Mak co-wrote, produced, and performed in her play, 3HAMS. After touring 3HAMS in Brooklyn, they brought it to The Edinburgh Fringe Festival 2024!
Daniel Akiyama
Daniel Akiyama is the author of the full-length plays A Cage of Fireflies (Sundance Institute Theatre Lab selection; O’Neill finalist) and Games for Boys (Sundance and O’Neill finalist). His short plays include Udder Paradise, The Bitter Fury and Magnificent Vengeance of Don Clown, and an adaptation of The Yellow Wallpaper. Daniel has worked with members of the Keakalehua Playwrights Hui on Searching for Keaka and Waiau, two experiments in linked collaborative writing.
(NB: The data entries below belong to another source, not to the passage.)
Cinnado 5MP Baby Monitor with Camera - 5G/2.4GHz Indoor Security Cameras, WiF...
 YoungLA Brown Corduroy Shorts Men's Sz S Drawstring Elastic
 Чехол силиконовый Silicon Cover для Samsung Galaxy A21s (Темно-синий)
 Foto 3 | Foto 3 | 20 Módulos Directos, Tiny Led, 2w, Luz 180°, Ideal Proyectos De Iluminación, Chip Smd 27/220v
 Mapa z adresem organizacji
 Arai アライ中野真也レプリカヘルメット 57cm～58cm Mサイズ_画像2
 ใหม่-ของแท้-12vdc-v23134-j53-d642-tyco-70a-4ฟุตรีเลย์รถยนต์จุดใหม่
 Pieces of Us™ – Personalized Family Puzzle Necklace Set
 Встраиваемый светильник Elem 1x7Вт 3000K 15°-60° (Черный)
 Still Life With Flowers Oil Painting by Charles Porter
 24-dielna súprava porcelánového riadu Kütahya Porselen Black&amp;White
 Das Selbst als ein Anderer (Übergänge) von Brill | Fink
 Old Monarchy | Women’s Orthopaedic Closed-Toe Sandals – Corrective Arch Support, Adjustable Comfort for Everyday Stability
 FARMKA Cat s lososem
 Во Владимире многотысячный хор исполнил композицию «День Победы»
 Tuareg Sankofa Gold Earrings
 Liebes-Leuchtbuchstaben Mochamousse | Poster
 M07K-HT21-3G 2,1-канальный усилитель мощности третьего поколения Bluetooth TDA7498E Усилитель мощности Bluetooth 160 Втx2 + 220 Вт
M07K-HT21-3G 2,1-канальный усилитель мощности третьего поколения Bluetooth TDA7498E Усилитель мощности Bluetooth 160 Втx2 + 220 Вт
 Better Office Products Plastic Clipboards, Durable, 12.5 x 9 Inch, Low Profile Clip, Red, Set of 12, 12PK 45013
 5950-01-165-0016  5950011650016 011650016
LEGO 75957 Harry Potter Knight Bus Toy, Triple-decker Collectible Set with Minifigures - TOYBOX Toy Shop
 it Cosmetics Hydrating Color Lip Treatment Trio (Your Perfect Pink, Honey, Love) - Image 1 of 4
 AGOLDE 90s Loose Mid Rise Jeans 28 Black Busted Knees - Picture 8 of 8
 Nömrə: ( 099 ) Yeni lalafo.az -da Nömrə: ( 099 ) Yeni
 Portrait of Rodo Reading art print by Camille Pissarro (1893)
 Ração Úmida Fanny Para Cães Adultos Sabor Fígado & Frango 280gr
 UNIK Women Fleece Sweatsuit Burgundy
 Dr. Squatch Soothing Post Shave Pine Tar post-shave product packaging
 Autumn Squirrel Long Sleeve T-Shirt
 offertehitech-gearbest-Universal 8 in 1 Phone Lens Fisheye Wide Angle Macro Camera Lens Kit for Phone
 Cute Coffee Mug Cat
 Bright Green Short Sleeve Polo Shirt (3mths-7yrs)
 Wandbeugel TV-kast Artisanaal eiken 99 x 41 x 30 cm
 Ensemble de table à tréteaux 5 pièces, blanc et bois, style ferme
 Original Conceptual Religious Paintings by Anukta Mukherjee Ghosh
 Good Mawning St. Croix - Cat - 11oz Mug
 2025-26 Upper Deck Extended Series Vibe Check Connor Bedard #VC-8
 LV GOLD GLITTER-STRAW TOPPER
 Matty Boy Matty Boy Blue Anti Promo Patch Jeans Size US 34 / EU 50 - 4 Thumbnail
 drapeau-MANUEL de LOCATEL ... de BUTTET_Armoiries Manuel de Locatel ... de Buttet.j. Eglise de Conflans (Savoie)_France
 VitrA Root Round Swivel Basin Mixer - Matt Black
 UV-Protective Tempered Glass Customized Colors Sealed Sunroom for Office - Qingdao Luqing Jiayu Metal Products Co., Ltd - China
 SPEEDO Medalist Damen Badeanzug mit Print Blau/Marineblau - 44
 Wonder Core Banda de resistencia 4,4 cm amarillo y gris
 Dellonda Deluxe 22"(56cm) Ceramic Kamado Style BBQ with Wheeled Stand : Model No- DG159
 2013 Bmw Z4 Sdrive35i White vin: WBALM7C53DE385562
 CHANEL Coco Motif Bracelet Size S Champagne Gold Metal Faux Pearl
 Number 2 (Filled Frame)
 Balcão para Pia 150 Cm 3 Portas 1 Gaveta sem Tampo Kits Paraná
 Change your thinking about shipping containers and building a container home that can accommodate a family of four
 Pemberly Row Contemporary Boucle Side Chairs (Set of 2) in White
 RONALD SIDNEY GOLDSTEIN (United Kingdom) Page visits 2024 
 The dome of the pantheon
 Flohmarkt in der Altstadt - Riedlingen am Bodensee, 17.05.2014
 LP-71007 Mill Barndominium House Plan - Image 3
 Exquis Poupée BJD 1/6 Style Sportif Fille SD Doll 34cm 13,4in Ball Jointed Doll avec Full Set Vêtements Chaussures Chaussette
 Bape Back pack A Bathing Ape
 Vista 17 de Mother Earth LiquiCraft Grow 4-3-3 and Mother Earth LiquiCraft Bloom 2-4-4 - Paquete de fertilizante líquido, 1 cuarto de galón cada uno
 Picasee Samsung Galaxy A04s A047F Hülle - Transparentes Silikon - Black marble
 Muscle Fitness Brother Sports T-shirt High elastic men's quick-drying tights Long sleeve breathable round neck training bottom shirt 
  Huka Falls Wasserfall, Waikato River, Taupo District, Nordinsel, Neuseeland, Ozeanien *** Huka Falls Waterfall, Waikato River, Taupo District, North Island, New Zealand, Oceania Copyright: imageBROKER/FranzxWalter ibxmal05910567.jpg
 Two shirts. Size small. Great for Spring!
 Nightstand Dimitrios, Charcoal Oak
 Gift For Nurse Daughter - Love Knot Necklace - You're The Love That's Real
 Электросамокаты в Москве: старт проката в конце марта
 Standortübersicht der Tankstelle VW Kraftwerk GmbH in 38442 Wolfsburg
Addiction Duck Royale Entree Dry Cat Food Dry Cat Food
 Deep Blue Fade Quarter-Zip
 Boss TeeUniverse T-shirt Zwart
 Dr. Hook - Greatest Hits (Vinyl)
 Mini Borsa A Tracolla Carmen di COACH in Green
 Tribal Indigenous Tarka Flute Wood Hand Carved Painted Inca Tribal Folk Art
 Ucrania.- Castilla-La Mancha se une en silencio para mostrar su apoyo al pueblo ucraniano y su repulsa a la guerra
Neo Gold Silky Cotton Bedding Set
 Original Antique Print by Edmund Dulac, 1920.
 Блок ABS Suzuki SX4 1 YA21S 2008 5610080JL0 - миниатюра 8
A graduate of the University of Hawai‘i at Mānoa, Daniel studied playwriting with Dennis Carroll, Y York, Victoria Nalani Kneubuhl, and Daniel A. Kelin II. He’s a member of the Dramatists Guild, New Play Exchange, and Tree Moss Playwrights, is honored to serve on the board of directors of Keakalehua and on the community advisory board for the Edward Sakamoto Collection at UH Mānoa, and was a nominee for the 2023 United States Artists Fellowship.
Hannah Ii-Epstein
Hannah Ii-Epstein (she/her/hers) was born and raised on the North Shore of ʻOahu and received her MFA at Northwestern University. She is a creative writer, award winning dramatist, and Artistic Director of Nothing Without a Company. Hannah is a founding member of BearCat Productions, a resident playwright at Chicago Dramatists, a 50th season writer at Kumu Kahua Theatre, a board member at Aloha Center Chicago, and a member of the Ke Aliʻi Victoria Kaʻiulani Hawaiian Civic Club, Ke Kula Kupaa O Ka Pakipika hālau, and Tree Moss a professional collective for Hawaiʻi playwrights. Hannah is a 2021 recipient of 3Arts Make a Wave grant and About Face Theatre’s Playwright Artist Grant. In 2023, Hannah worked as a Co-Curator on "Chicago’s Legacy Hula” exhibit at The Field Museum (closing March 9, 2025) as well as a panelist and playwright at the first ever APIDA Arts Festival in Chicago, IL.
Kelsie Pualoa
Kelsie Pualoa is Native Hawaiian playwright from Honolulu, Hawai’i. She has a BA and MA in English from the University of Hawai’i at Mānoa. Her full-length play, A Dance with Abandon, won the Playbuilder’s Festival “Best Play” award in 2014, and she has also won the Myrle Clark and Abernethy Writing awards. She has a passion for English Language Arts education, having taught English for over five years. She now works with the Hawai’i Department of Education as an English assessment specialist.